日本酒ブームの影響か 地酒ネット販売、来年度にも規制緩和
世界的な日本酒ブーム
今、日本酒が盛り上がりを見せている。「和食」の無形文化遺産登録や、クールジャパン戦略、円安などの影響で、世界的な日本酒ブームが訪れている。
日本酒の輸出額は昨年100億円を突破し10年前の約2.7倍という規模に、2014年1〜6月期の輸出額も過去最高を記録した。昨年は、米国、英国、ドイツ、イタリア、スウェーデン、オーストラリア、中国、スイスなどでは日本酒に特化したイベントが行われ、販路開拓や認知度向上の取り組みが行われてきた。成田、羽田、中部、完成の国際空港の免税エリアでは、日本酒キャンペーンを開催し、PRブースには多くの外国人が訪れているという。中でも、オーストラリア、中国などへの日本酒輸出量は急増しているという。
発泡日本酒やノンアルコールの日本酒など、一風変わった新商品も登場し、女性を中心に若者にも日本酒の新しい楽しみ方が浸透しつつある。通販大手Amazonでは、Amazon限定商品として、純米大吟醸原酒を月桂冠と共同で開発し数量限定で販売開始するなど、国内でも日本酒ブームが本格化してきた。
しかし現在、酒の原料となる酒米が不足しているという問題がある。特に大吟醸など高級酒用の酒米が不足しており、昨年は発注の4割程度しか入らなかった蔵元もあったという。
酒米の最高峰と呼ばれる山田錦は、日米首脳会談でオバマ大統領への手土産に選ばれたことでも有名になった「獺祭」にも使用されている。7割以上が兵庫県産で、稲穂の背が高く倒れやすいため食用米と比較すると収穫量が少ない。昨年まで減反による生産調整により増やしたくても増やせない状況であったが、今年度から酒米の増産分は生産調整の対象から除外された。
しかし、生産者は現在のブームが一過性のものではないかという危惧もあり、急速に高まる需要に対応しきれていない状況だ。
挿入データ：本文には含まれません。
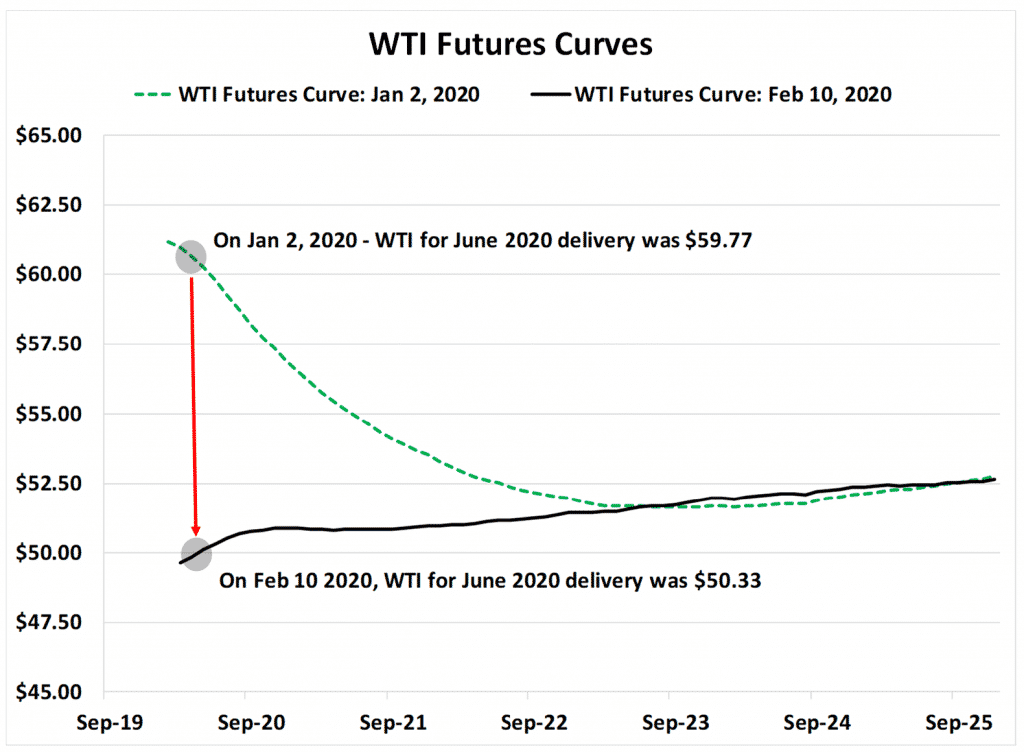 WTI Future Curves Graph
そんな中、静岡県が開発を進める新酒の酒米は従来のものと比べ穂が多く収穫量が期待されている。そして、山口県もオリジナル酒米の予算を270万円アップし、生産拡大を支援しており全国各地でこの問題に対応しようとする動きが見える。
来年度に規制緩和へ
政府が来年度にもインターネットを使った酒類の小売り免許に関する規制を緩和することが3日分かった。とSankeiBizが報じた。地域の特産品を原料とする日本酒や焼酎、ワインなどの酒類の販路を拡大し、地域活性化や雇用の創出につなげる狙いがあるというものだ。
クールジャパン戦略の一環として、減反対象からも外され各地で増産と販路の拡大が本格化してきている世界的日本酒ブーム。2020年の東京オリンピック開催までには日本中の地酒を楽しめる環境の整備が整うことを祈りたい。